Para Rolim, ainda há espaço para novas discussões, avançando mais na reforma do sistema previdenciário, com a criação de um sistema de capitalização para trabalhadores do setor privado.
Adriane Bramante, presidente do IBDP (Instituto Brasileiro de Direito Previdenciário), afirma que debater a Previdência era necessário, mas acredita que o país pode pagar um custo alto em outras áreas por ter aprovado regras que, em sua avaliação, são duras.
“Na verdade, você tem uma troca: diminui o benefício, mas aumenta a vulnerabilidade. Recentemente, um estudo mostrou que o Brasil é um dos piores países para se aposentar”, diz.
Roberto de Carvalho Santos, presidente do Ieprev (Instituto de Estudos Previdenciários), aponta a curta duração das regras de transição para o setor privado e o fim da transição de reforma anterior para os servidores públicos como negativos.
“Era necessário ser feita a reforma, mas houve dureza nas regras de transição, o que causa insegurança jurídica. Há a sensação de que a pessoa nunca vai conseguir se aposentar.”
Os questionamentos acerca da reforma estão no STF (Supremo Tribunal Federal). Hoje, 12 ADIs (Ações Diretas de Inconstitucionalidade) discutem se a emenda constitucional 103 atende às regras da Constituição.
Dentre as ações estão as regras diferentes para o cálculo da aposentadoria de mulheres, as novas alíquotas de contribuição dos servidores e o cálculo da pensão por morte.
O julgamento dos processos teve início em setembro deste ano, de forma conjunta. Até agora há dois votos, um pela constitucionalidade e outro que vê inconstitucionalidade em alguns pontos.
Renato Fragelli, professor da EPGE (Escola Brasileira de Economia e Finanças) da FGV Rio, afirma que a reforma deveria ter sido mais profunda, estabelecendo uma idade mínima igual para homens e mulheres. Agora, no entanto, ele diz que novas mudanças não são prioridade. “O que temos que fazer é uma reforma tributária”, diz.
A fila de pedidos de aposentadoria no INSS disparou no ano em que a reforma foi aprovada. Em julho de 2019, passou de 2 milhões de solicitações. O estoque de benefício começou a diminuir apenas em outubro deste ano, quando caiu para menos de 1 milhão, e ficou em 976 mil pedidos. Nos últimos anos, o patamar mínimo mensal era acima de 1,5 milhão de pedidos.
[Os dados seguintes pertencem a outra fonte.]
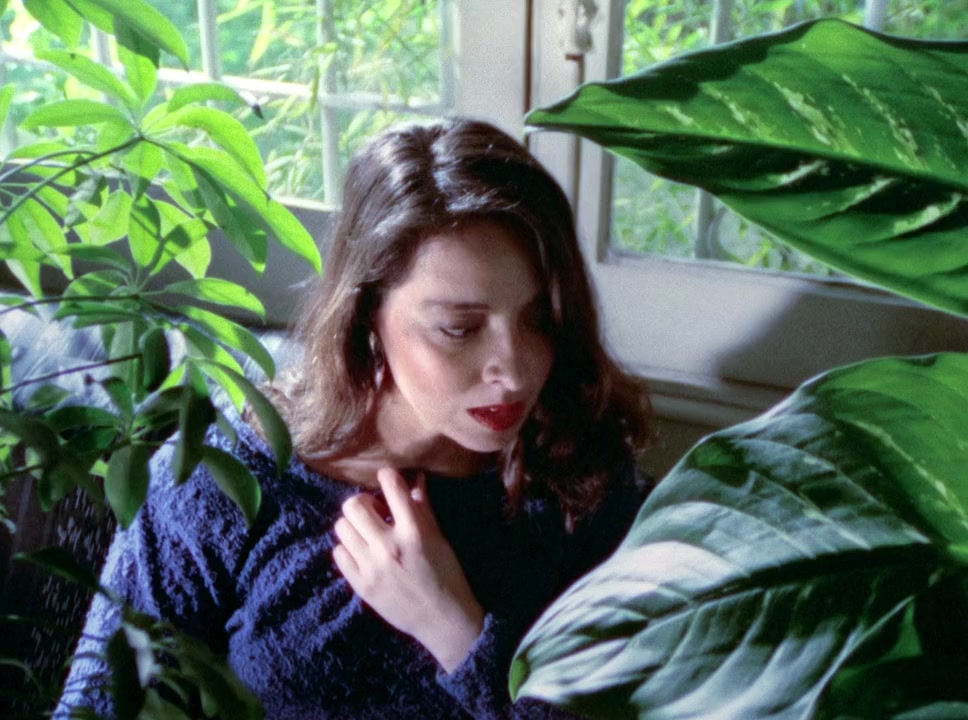 La Telenovela Errante screenshot 3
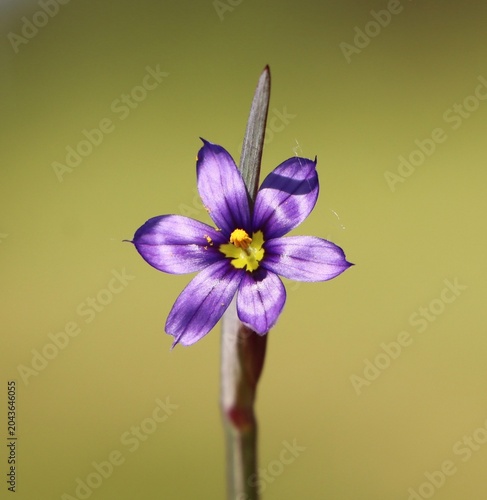 Tableau sur toile Sisyrinchium angustifolium (narrow-leaf blue-eyed-grass) blooming in a meadow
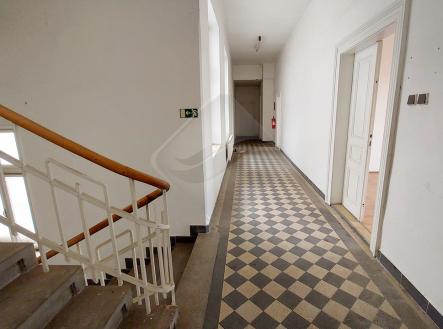Prodej - dům/vila, 564 m²
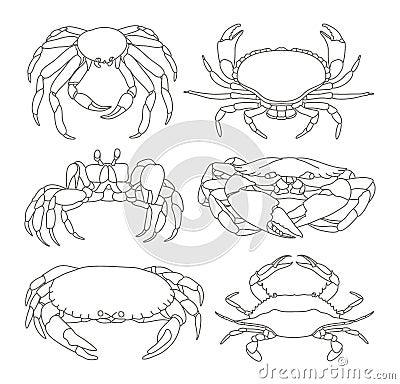 Set of vector crab icons Vector Illustration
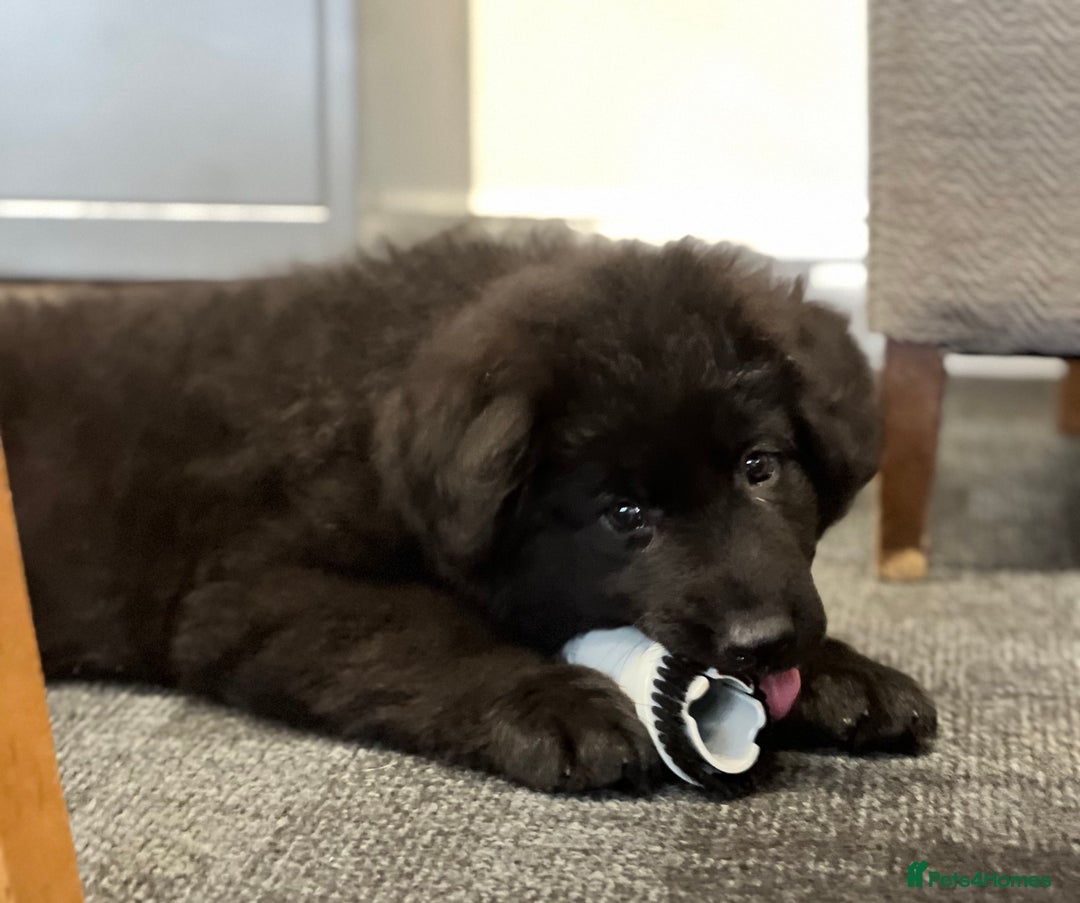 German Shepherd dogs for sale: German shepherd puppies  - Image 11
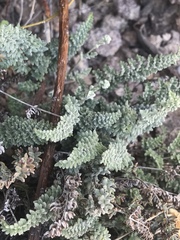Notholaena greggii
O engenheiro mecânico Celso Aparecido Joao, 62, aguarda a liberação de sua aposentadoria há três anos. O pedido foi feito em maio de 2019, três meses depois do início da tramitação da PEC (proposta de emenda à Constituição).
Joao pediu o benefício aos 59 anos e 9 meses, após 40 anos de trabalho. Esse foi o seu segundo pedido. Em 2017, chegou a ter a aposentadoria liberada, mas o fator previdenciário diminuiu a renda que receberia e ele desistiu.
Com o início dos debates sobre a reforma da Previdência, decidiu se aposentar em 2019, aproveitando a regra de pontuação que dava direito ao benefício integral.
“Eu já tinha o direito, mas ainda esperei alguns meses. Trabalho desde 1979, sem contar o tempo de serviço militar”, diz. O atraso na liberação da aposentadoria se deu porque, em 2019, o INSS não reconheceu um período pago como contribuinte individual.
Como tem o direito adquirido, Joao recorreu. Se não comprovasse o tempo de contribuição, teria de entrar nas regras da reforma. Recentemente, teve o pedido aprovado, com direito reconhecido, e aguarda a implantação, que deve sair em breve.